On savait la Commission européenne complètement convertie aux OGM. Cela ne date pas d’hier. L’exécutif Barroso 1 en a même fait une priorité, en dépit de résistances internes, notamment celle de son commissaire à l’Environnement, le grec Stavros Dimas.

S’appuyant régulièrement sur des arguments fallacieux, maniant la langue de bois avec un certain art, faisant semblant d’attacher de l’intérêt au débat public, usant de procédures juridiques avec un talent rarement atteint, elle arrive progressivement à réaliser ses objectifs : imposer les OGM faisant fi des doutes exprimés par l’opinion publique et scientifique. Dernier exemple de ce cynisme, l’autorisation de commercialisation de 3 OGM validée il y a quelques jours par l’éxécutif européen. Les circonstances de cette autorisation sont elles mêmes éloquentes et révèlent un état d’esprit pour le moins contestable. Il s’agit de 3 types de maïs ogm produits par Monsanto, le Mon 89034 et 88017, et par Pioneer Overseas Corporation, le 59122xNK603, Ils ont été validés de façon plutôt cavalière par la Commission, d’autant que tous les trois posent un certain nombre de questions du point de vue sanitaire.

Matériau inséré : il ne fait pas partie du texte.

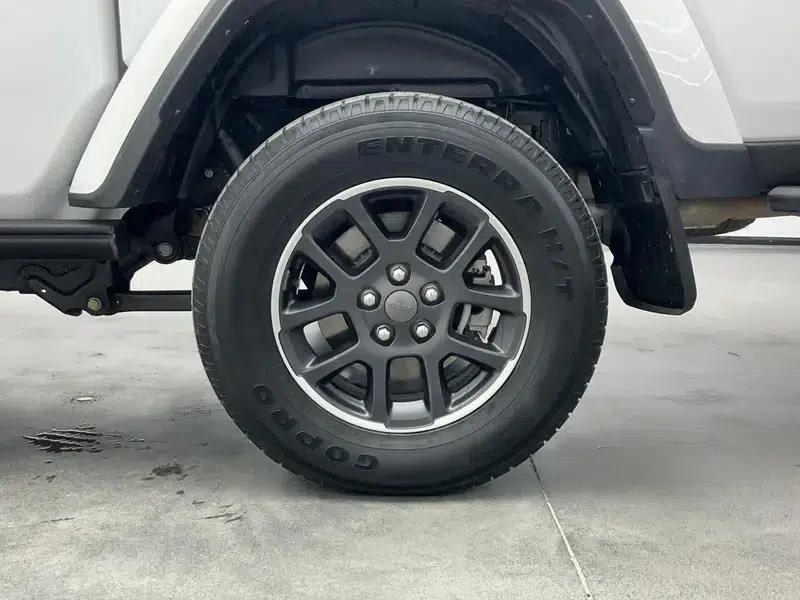 Gladiator 2023 3.6L Overland — миниатюра 9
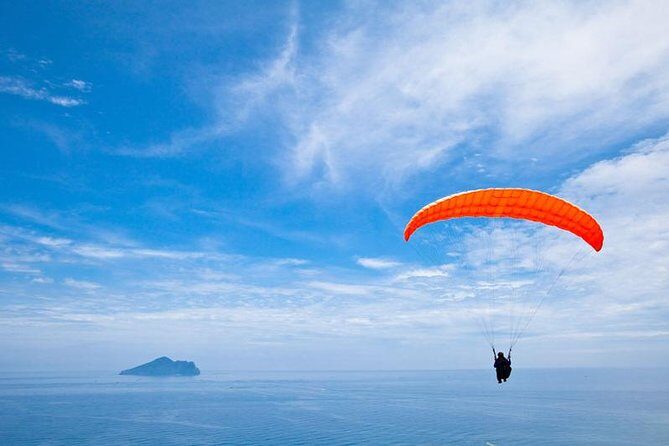 Tandem Paragliding Flight over Tenerife - What to Expect on Your Tenerife Paragliding Adventure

Les parlementaires européens méprisés

D’abord la date. Le mandat de l’actuelle Commission européenne venait à échéance le 31 octobre. Depuis ce jour, elle est en "affaires courantes" dans l’attente de la formation d’une nouvelle Commission sous les règles du Traité de Lisbonne. Et bien, c’est au dernier jour de ce mandat que la signature a été apposée sur la demande d’autorisation. Considérant probablement qu’autoriser des OGM contestés relève des "affaires courantes". Comme un pied de nez aux Etats membres et au Parlement européen qui ont émis de nombreuses interrogations sur ces OGM. Le 31 octobre, c’était aussi le deuxième jour d’un sommet européen crucial qui devait trancher sur des sujets importants : changement climatique, immigration, Traité de Lisbonne. De fait toute l’attention des médias et des dirigeants européens ce jour là était plutôt portée sur le sommet et pas sur la Commission. Laquelle en a profité, presque incognito, pour prendre cette décision majeure et en informer la presse par mail le vendredi soir, aussi discrètement que possible. Enfin, dernier point sur la forme. La Commission a méprisé sans vergogne le rôle du Parlement européen. Tenu de lui demander son avis selon la règle du "droit de regard", la Commission n’a pas trouvé mieux que de saisir le Parlement européen le 31 juillet pour réponse le 24 août. En plein milieu de l’été, alors que l’institution parlementaire élue en juin n’avait pas encore achevé sa constitution. Belle preuve de respect pour les eurodéputés ! Voilà pour la forme mais sur le fond aussi, cette autorisation pose problème.


Risques sanitaires

Ces 3 OGM sont susceptibles de poser un certain nombre de risques sanitaires. Le Mon 89034 qui contient (les scientifiques préfèrent le terme "exprimer") deux protéïnes insecticides, a été soumis au test obligatoire de 90 jours et a provoqué des problèmes rénaux chez deux rats femelles et la mort d’un rat mâle au bout de 14 jours. Les tests n’ont pas été prolongés en dépit de ces résultats. L’autre ogm de Monsanto, le 88017 résiste quant à lui à l’herbicide Roundup et produit lui aussi un insecticide contre les coléoptères. Idem pour le 59122xNK603. Les tests ont été réalisés séparément sur le 59122 et le NK603, pas sur l’alliance des deux, alors même que des effets négatifs ont été constatés sur un sexe. Mais pour la Commission, pas de quoi s’émouvoir et solliciter éventuellement des expertises supplémentaires. Le coup de grâce aurait pu venir des Etats membres car un Conseil des ministres de l’agriculture devait trancher la question fin octobre. Mais ils se sont révélés incapables de trancher, pas de majorité qualifiée ni pour ni contre. Comme souvent d’ailleurs sur les OGM, la question divisant les Etats depuis de nombreuses années.


Procédure ubuesque

En l’occurrence cette incapacité à trancher dans un sens ou un autre a servi la Commission. Les procédures communautaires stipulant qu’en l’absence de décision des Etats, la Commission est compétente pour prendre elle même cette décision dans le sens qu’elle souhaite et au moment où elle le souhaite. Et il faut reconnaitre qu’elle n’a pas tardé. On a connu la Commission plus lente en d’autres circonstances. Car le vote des ministres est intervenu le 20 octobre et dix jours plus tard, José Manuel Barroso a validé la demande d’autorisation. Quelle diligence ! Rappelons que lors de l’irruption de la crise financière à l’automne 2008, l’exécutif européen a laissé passer plusieurs semaines avant de réagir... et pourtant il y avait urgence.
Peut être faudrait-il recommander au président Barroso de créer un poste de Commissaire européen au "principe de précaution"...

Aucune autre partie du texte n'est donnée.